Tertiary revenue sources

Syndication – national and international. There is a very visible shortage of well researched, balanced news stories driven by investigative journalism. More so within the field of finance and economics. The only publication that has done anything to dent this demand is Dawn Group. Dawn launched Herald Publications in the late 70’s and the publication took hold as a monthly periodical with current affairs commentary using long form pieces. The team from Herald over the years seeded many other publications including Newsline but Herald was always the first to take up the challenge of running a publication dedicated to investigative pieces. Editorial quality and substance at both Herald and Newslines has deteriorated over the years. While they did venture into finance on occasions the commentary on economics has been limited.

 Using our network of advisors and contacts, as our content library grows, international syndication of our articles will become a tertiary source of revenue for us.  While it may not add up to a significant portion of our revenues, syndication is an important avenue for extending the reach of our brand and introducing us to readers who would otherwise not hear of us or discover us as part of their current reading exposure. There is a significant demand for well written news, commentary, insights and current affairs coverage in the Middle East, in India, in Far East, in Africa and in the APAC region.

Curated Events.  Events focused on themes with interest.

Given the profile of the audience, we plan to target it is also possible to host and launch theme curated events on topics of interest to the community. In addition to generating revenues, the events also create a fertile ground for stories and coverage. Nestio’s Pakistan focused 021-Disrupt event has grown to 1100 paid delegates per year over three years and creates phenomenal opportunities for new coverage, brand equity and marketable content/ Events represent a small source of revenues but like syndication help us extend our reach as well as create content for stories that are of interest to broader community.

Our monetization plan is laid out on a quarterly basis and is linked to the elements identified above under the readers’ revenue section. The primary monetization lines are

  • Individual news stories sales
  • Compilation sales
  • Classified advertisements
  • Consultative journalism projects
  • Themes events
  • International and local syndication

For each of these lines, we present and share our internal revenue and sales targets from Q1 to Q4 to give a sense of progression as well as the effort required to attain the targets. 

Financial Projections - Reader Revenues for content startups
Financial Projections – Reader Revenues for content startups

Reader Revenues – Individual story sales.

Stories sales are directly linked to traffic directed to the primary site, our portfolio of landing pages, our inventory of fresh stories for sale and our conversion rates.

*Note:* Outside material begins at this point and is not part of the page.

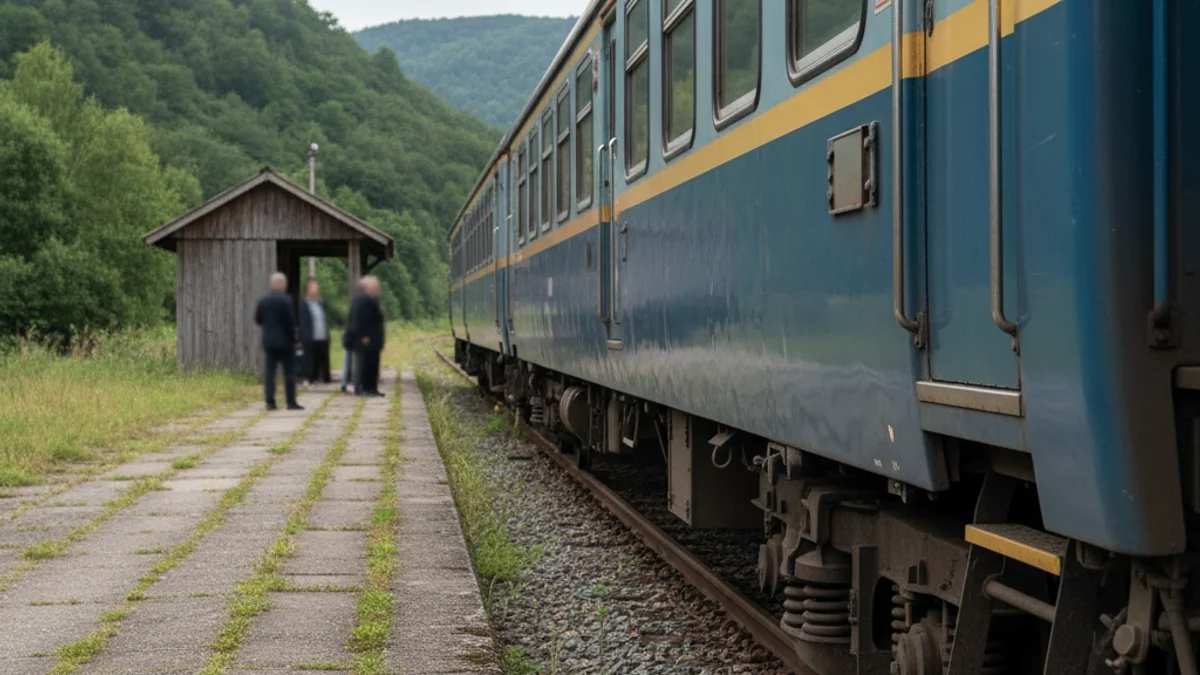 Imatge genèrica d'un tren regional de Ferrocarrils de la Generalitat de Catalunya (FGC) aturat en una estació.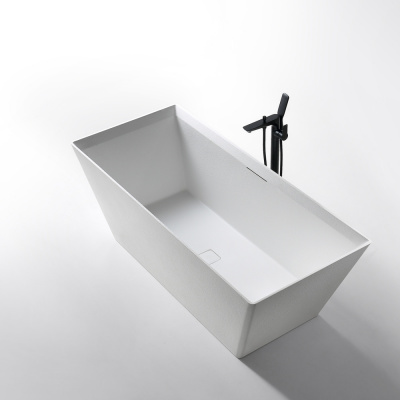 Ванна из искусственного камня ABBER Berlin AM9912 белая матовая 170х75х60 см фото в интернет-магазине Русалия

  1. From the end of Q1 (month 3) to the end of Q4 (month 12) we expect to grow traffic to our site from 80,000 visitors a month to 400,000 visitors a month. This growth occurs over a 9 months’ period from end of month 3 of our year to month 12.
  2. We don’t expect to generate significant traffic in the first two months of launch.
  3. Over the same time frame (Q1 to Q4) we expect to write 255 news stories using our pool of authors and editors.
  4. We plan on converting 1% of the traffic in Q1 into paid customers or customers with accounts and raise that to 1.25% by the time we get to Q4.
  5. This will yield us 35,000 paying or acquired customers over the 10 months’ period starting from the last month of Q1 to the last month of Q4.
  6. In Q2, our first full quarter of performance we expect to sell 1833 stories per month during the quarter.
  7. By the time we get to Q4 given the increase in traffic, fresh story inventory and our conversion rate we expect these stories sold per month metric to rise to 5,000 stories per month.
  8. In Q1 stories will be given away for free or be available for reading through free credit so significant revenue is expected to be generated in Q1. We will start charging for stories in Q2.
  9. The weighted average price for stories in Q2 is expected to be 49 cents. Since some of the stories will still be sold against free credit. We expect the rate to rise to 79 cents in Q3 and 99 cents in Q4 when the free credit given to new users will be completely used up or will represent a very small portion of new sales.
  10. The three key drivers for sales growth are therefore traffic, stories and conversion rates. Hence are focus on all three in the first four quarters of our plan.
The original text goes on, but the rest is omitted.